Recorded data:
____________
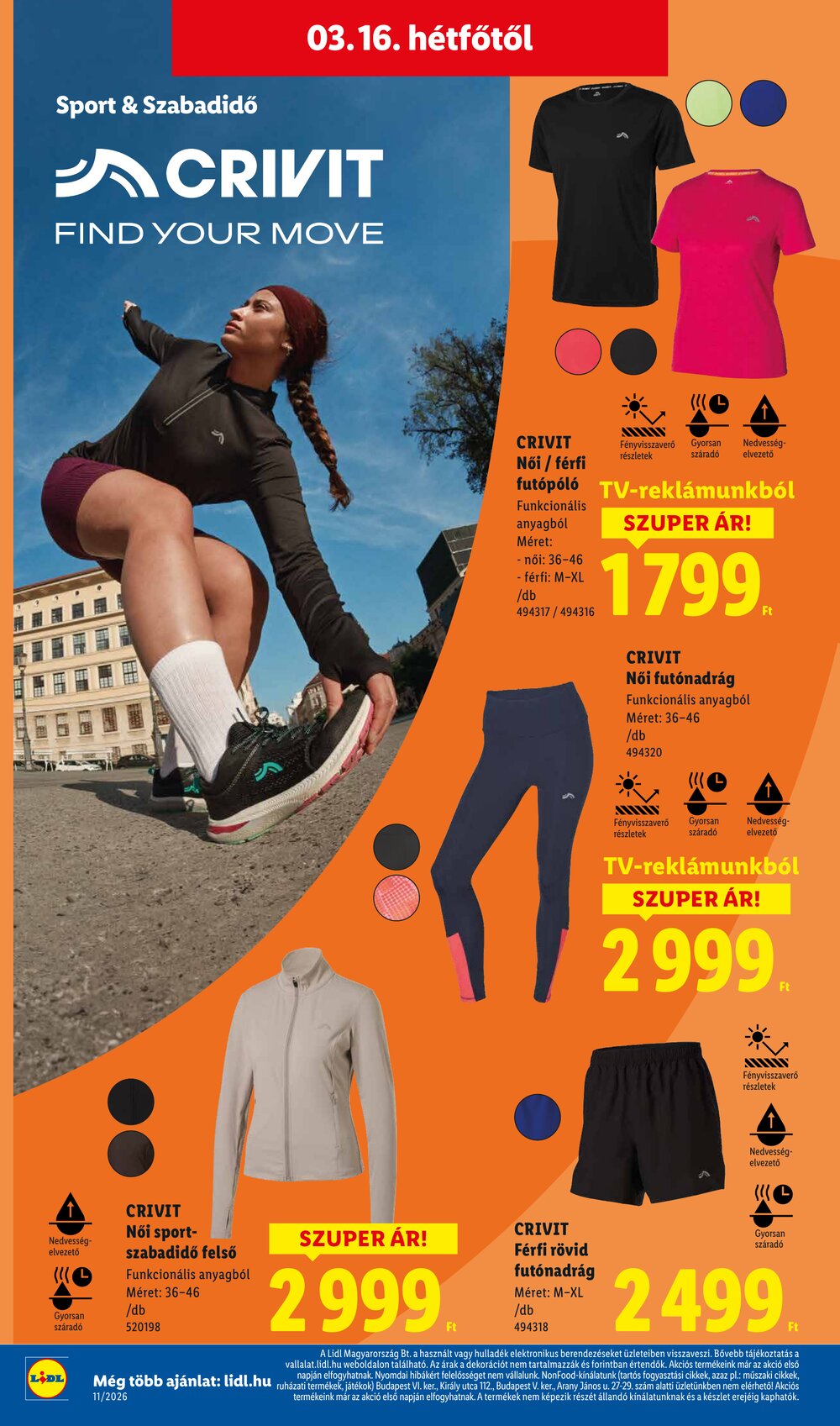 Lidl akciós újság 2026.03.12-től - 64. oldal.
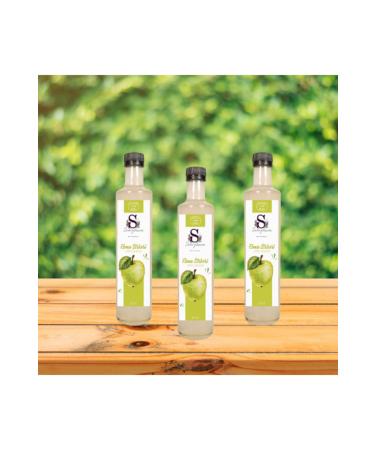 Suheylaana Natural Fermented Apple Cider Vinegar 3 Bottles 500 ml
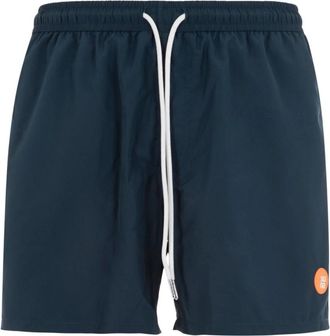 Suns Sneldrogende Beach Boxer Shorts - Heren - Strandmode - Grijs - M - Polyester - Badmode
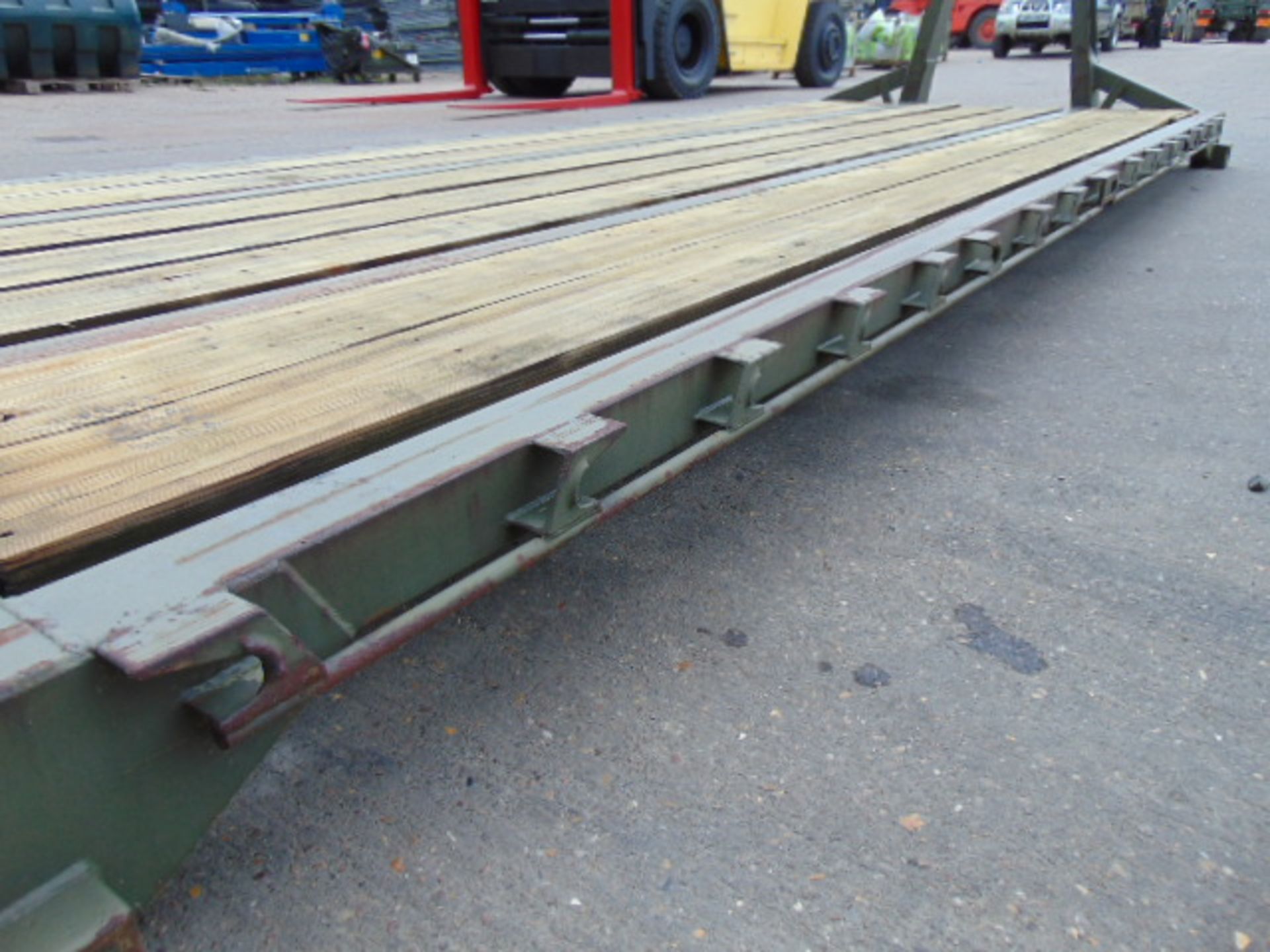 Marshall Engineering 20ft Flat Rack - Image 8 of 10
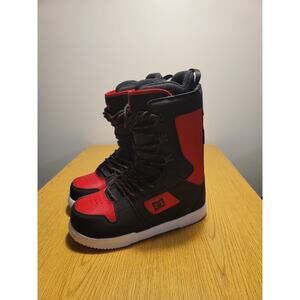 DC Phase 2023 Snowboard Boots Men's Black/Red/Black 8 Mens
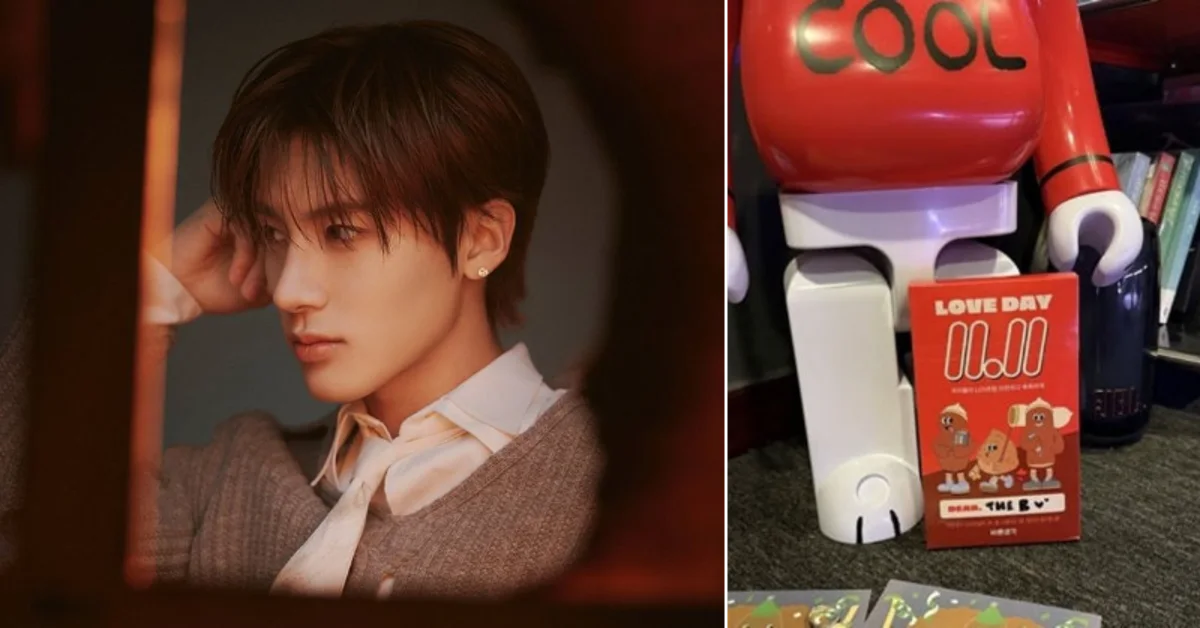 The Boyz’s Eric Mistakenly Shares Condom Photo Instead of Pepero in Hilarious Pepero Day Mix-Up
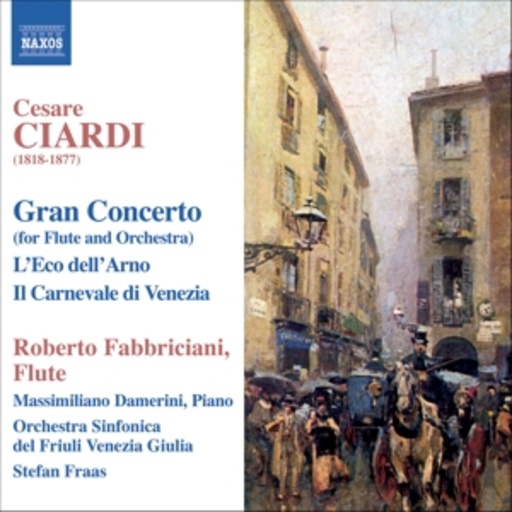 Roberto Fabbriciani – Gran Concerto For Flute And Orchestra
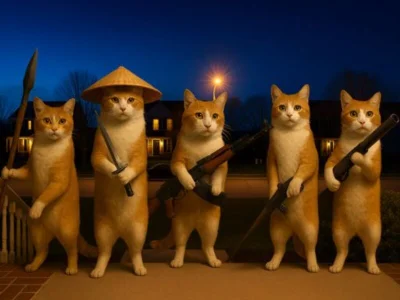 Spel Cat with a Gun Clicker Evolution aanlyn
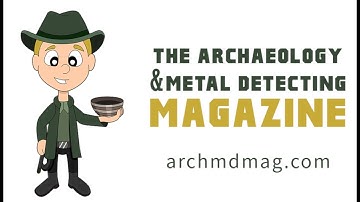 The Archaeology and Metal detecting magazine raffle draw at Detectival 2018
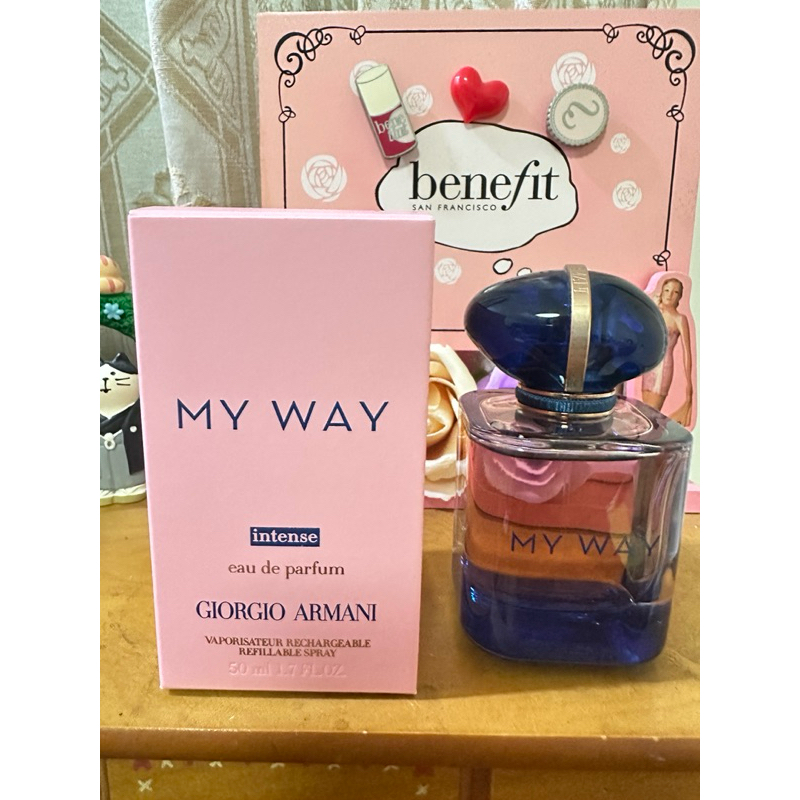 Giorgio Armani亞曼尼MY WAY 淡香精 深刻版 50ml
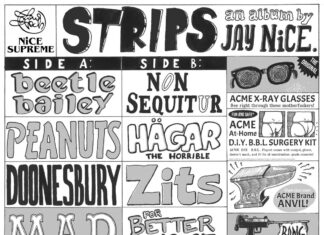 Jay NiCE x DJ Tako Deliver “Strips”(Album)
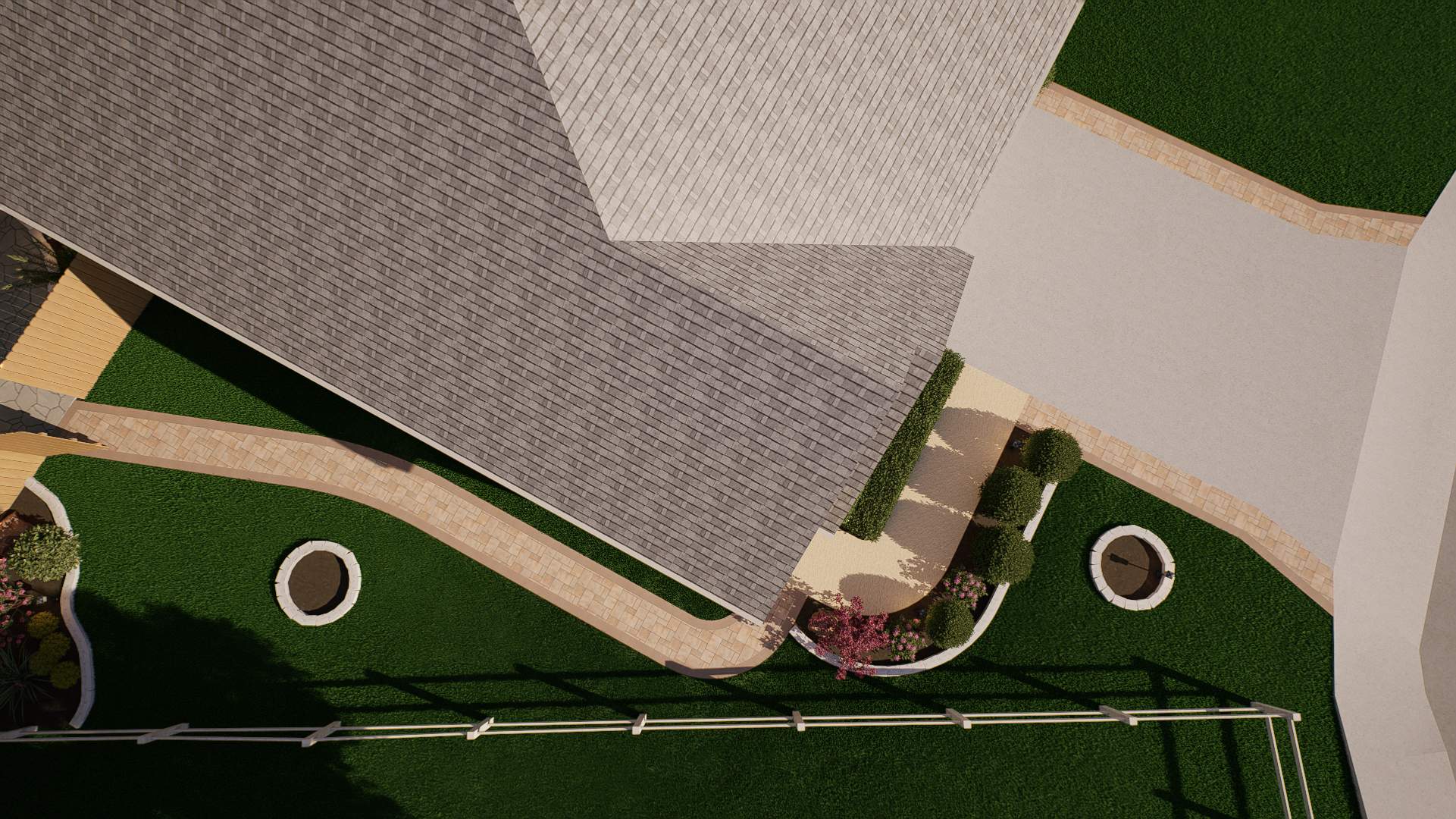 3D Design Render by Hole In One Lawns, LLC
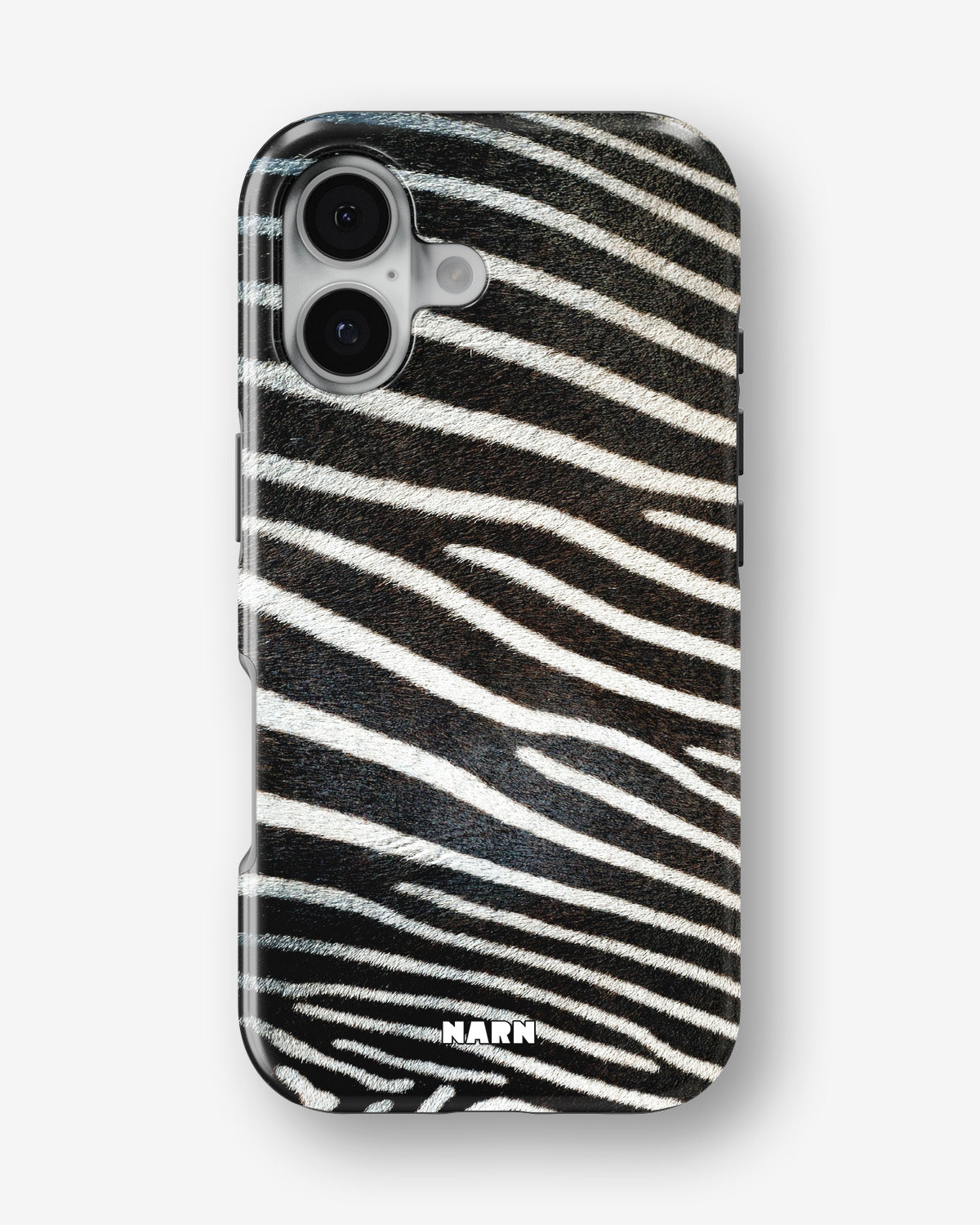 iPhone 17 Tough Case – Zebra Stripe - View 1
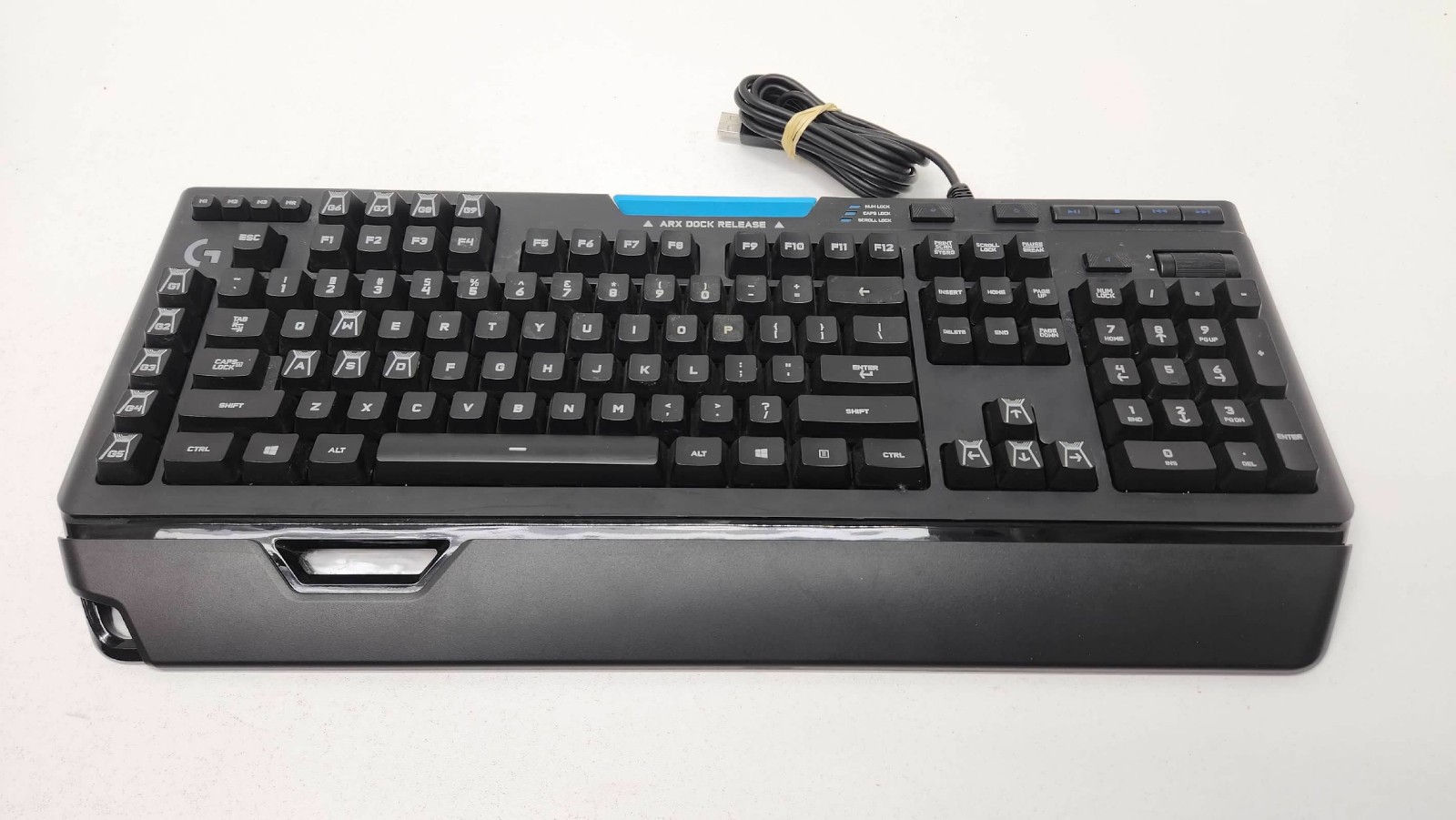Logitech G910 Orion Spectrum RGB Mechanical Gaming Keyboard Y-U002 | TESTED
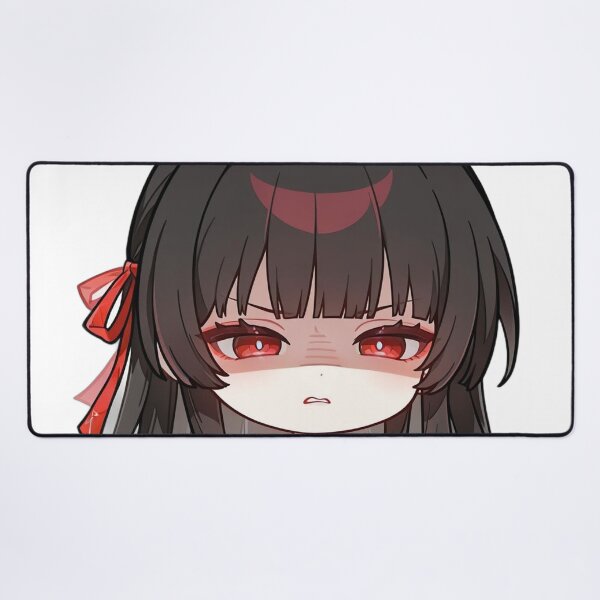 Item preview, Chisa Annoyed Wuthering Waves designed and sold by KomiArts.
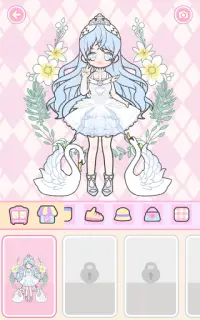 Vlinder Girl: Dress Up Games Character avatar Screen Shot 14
____________
### REQUIRED ACTION
Type out the data above once more, exactly, with no images included.

### ANSWER SPACE
 Lidl akciós újság 2026.03.12-től - 64. oldal.
 Suheylaana Natural Fermented Apple Cider Vinegar 3 Bottles 500 ml
 Suns Sneldrogende Beach Boxer Shorts - Heren - Strandmode - Grijs - M - Polyester - Badmode
 Marshall Engineering 20ft Flat Rack - Image 8 of 10
 DC Phase 2023 Snowboard Boots Men's Black/Red/Black 8 Mens
 The Boyz’s Eric Mistakenly Shares Condom Photo Instead of Pepero in Hilarious Pepero Day Mix-Up
 Roberto Fabbriciani – Gran Concerto For Flute And Orchestra
 Spel Cat with a Gun Clicker Evolution aanlyn
 The Archaeology and Metal detecting magazine raffle draw at Detectival 2018
 Giorgio Armani亞曼尼MY WAY 淡香精 深刻版 50ml
 Jay NiCE x DJ Tako Deliver “Strips”(Album)
 3D Design Render by Hole In One Lawns, LLC
 iPhone 17 Tough Case – Zebra Stripe - View 1
Logitech G910 Orion Spectrum RGB Mechanical Gaming Keyboard Y-U002 | TESTED
 Item preview, Chisa Annoyed Wuthering Waves designed and sold by KomiArts.
 Vlinder Girl: Dress Up Games Character avatar Screen Shot 14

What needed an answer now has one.